- WHAT TO DO -
Every line below between the one holding "Raw chicken wings" and the one holding "Photo of Feeding", inclusive, should be copied exactly, and no other line.

- DATA FOR PROCESSING -
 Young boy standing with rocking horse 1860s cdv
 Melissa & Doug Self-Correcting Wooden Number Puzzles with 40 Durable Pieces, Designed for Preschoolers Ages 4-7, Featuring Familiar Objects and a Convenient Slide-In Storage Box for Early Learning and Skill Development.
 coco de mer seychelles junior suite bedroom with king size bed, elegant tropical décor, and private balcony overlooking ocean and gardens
--
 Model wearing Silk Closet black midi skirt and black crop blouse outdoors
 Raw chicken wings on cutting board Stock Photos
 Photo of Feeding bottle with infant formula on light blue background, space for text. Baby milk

- WRITTEN RESPONSE -
 Raw chicken wings on cutting board Stock Photos
 Photo of Feeding bottle with infant formula on light blue background, space for text. Baby milk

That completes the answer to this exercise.